ラット筋ジストロフィーモデルで、骨格筋、外眼筋について Single cell RNA sequencing を行い、またその結果を組織学的に検証することで、

  1. ジストロフィンが欠損した骨格筋は、p16 や p21 が高発現し、老化が進み、その結果再生能力が失われている。しかし、この老化は外眼筋では見られず、筋肉再生が維持できる。
  2. 正常ラットで、骨格筋と外眼筋の転写を比較すると、甲状腺刺激ホルモン受容体の発現が後者でのみ見られる。
  3. ジストロフィン欠損外眼筋筋肉幹細胞は、試験管内で増殖を続けることが出来るが、甲状腺刺激ホルモン受容体の機能を阻害する薬剤で、骨格筋と同じように増殖が低下する。すなわち、甲状腺刺激ホルモン受容体シグナルの有無で、外眼筋と骨格筋の差を説明できる。
  4. 阻害剤の効果は、シグナル下流の cAMP を上昇させるフォルスコリンで元に戻せる。

を明らかにした。

以上の結果を、ヒト骨格筋、及び外眼筋で確認した後、最後にジストロフィン欠損マウスにフォルスコリンを週2回注射するプロトコルで、筋肉の喪失を抑えられるか調べ、4ヶ月目で、機能的にも組織的にも、病気の進行をある程度抑えられることを示している。

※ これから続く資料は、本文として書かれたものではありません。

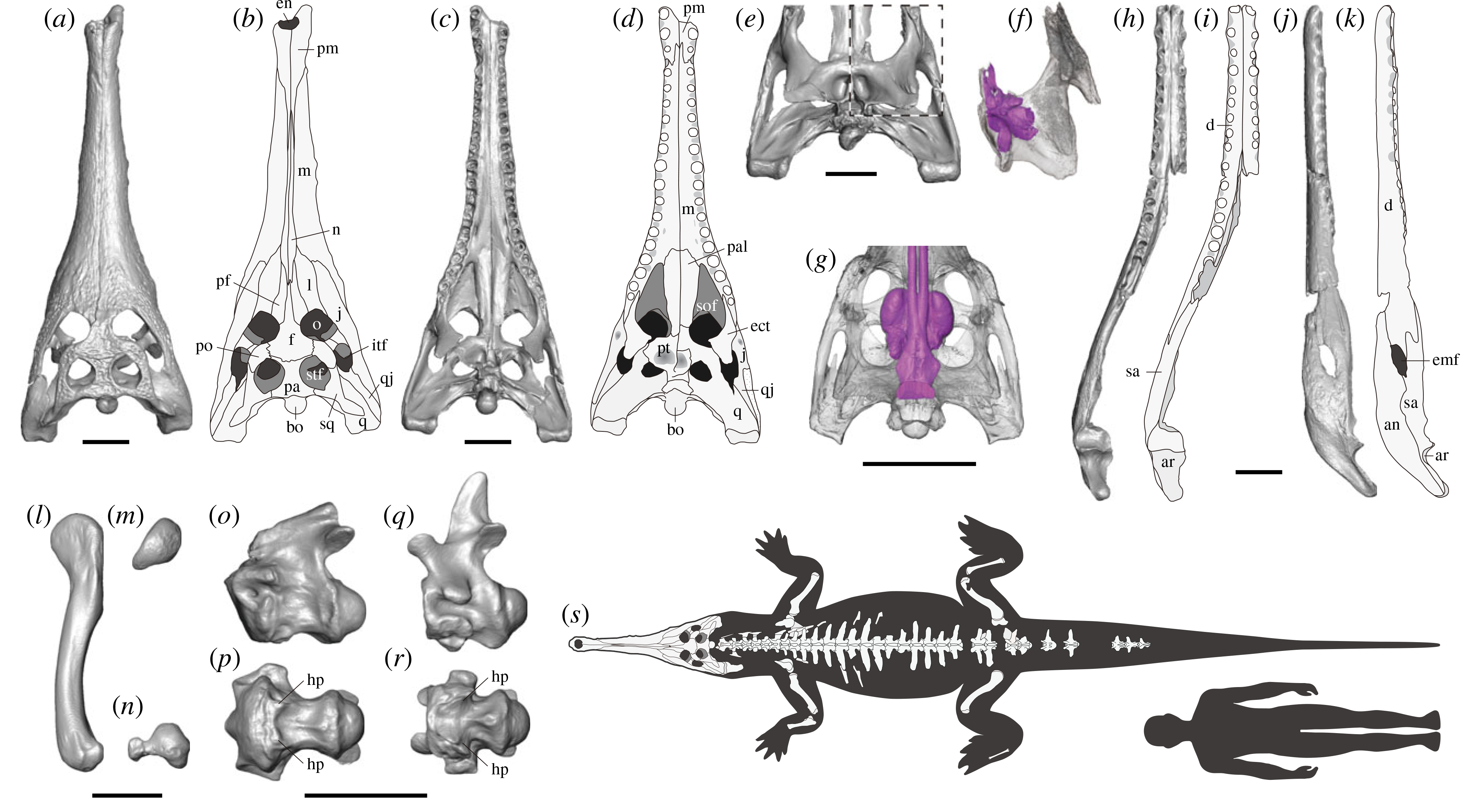 Illustrations of various bones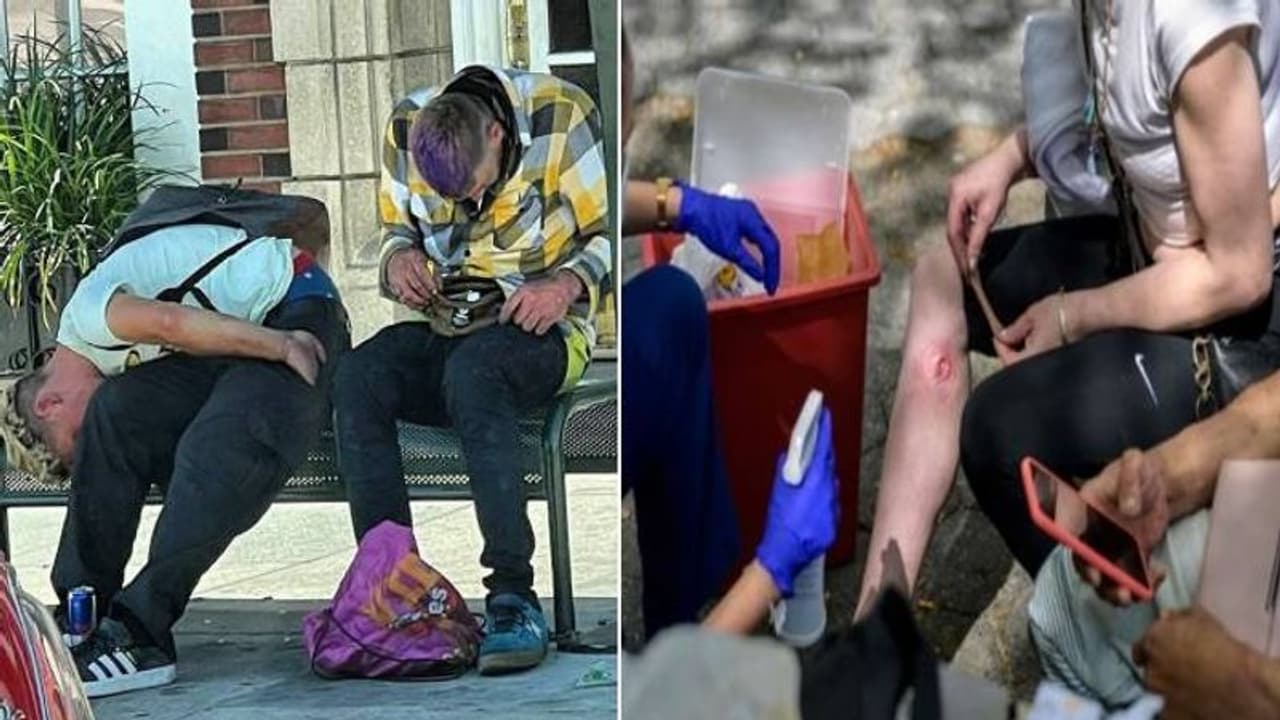 സോംബികളെപ്പോലെ പെരുമാറ്റം, ശരീരം പഴുത്തഴുകും, ആ അവസ്ഥയ്ക്ക് കാരണമെന്ത്? കണ്ടെത്തി, ഈ മരുന്ന്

結果は以上で、フォルスコリンの注射を長期的に続けられるかどうかは難しい問題だが、ジストロフィン喪失の影響を幹細胞の増殖と老化に収束させて、病気の進行を抑えるための標的を明らかにしたことは極めて重要だ。

さらに、幹細胞の一般的な老化についても抑える方法へと発展するかも知れない。さすがプロの目だと感心した。